Page taken from Niggemann's diary with notes and sketches of the excavation (Niggemann 2915).
In May of 1915, whilst the Germans were digging trenches just outside of the town of Berry-au-Bac, a German soldier- his name and rank unknown- discovered a substantial amount of Roman ruins as he and his men were cutting deeper into the earth. His letter, in which he recounted his finds and their historical context, is provided in English here;
“Our position here follows in the main important ancient road from Laon to Reims. This road is supposed to date from Roman times. We have cut through and undermined it at many points in order to prepare trenches or shelters. The massive blocks which were thereby struck far below the surface seem to confirm our supposition. Moreover, the neighbourhood is not uninteresting in other aspects. Exactly in our section Caesar fought his battle with the Belgians (B.G. 2.1-15), though of course facing the opposite direction. The crossing (of the river Aisne) took place at Berry-au-Bac or Pontavert, both being places heavily bombarded by us. And it gave me really immense pleasure to read Caesar: Palut erat non magna inter nostrum atque hostium exercitum (ch. 9). If we had looked up Caesar back in the autumn we would perhaps have been ,ore sensible in planning our first-line and communicating trenches, which have all been flooded since Christmas by the brook Miette.”

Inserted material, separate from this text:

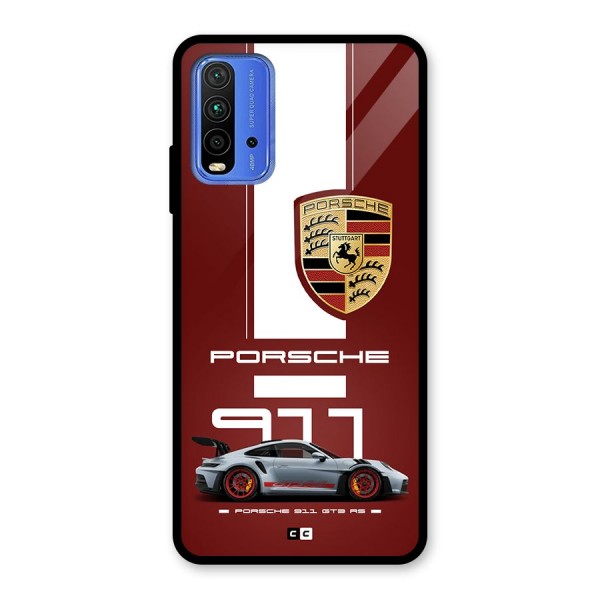 Luxe Supercar Glass Back Case for Redmi 9 Power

In 57 B.C., in the midst of his Conquest of Gaul (58 to 50 B.C), Caesar battled the Belgae tribe. Arriving in along the Belgic frontier in the territory of Remi where he was based in the town of Durocortorum (modern day Reims). Upon word that the Belgae were marching against him, Caesar quickly made for the Aisne river, setting up camp close to the river’s right bank. He defended the nearby bridge with a praesidium on the right bank, and a camp of six cohorts to the left. Meanwhile, the Belgae set up camp about two miles away- the two armies being separated by a marsh.
The Roman road that the soldier mentions known today as the D1044 -Avenue du Général de Gualle and Rue du Colenel Vergezac that runs through Berry-au-Bac from Laon to Reims.
Detail of 1918 trench map showing Ceasar's Camp along German lines (Ordnance Survey 1918).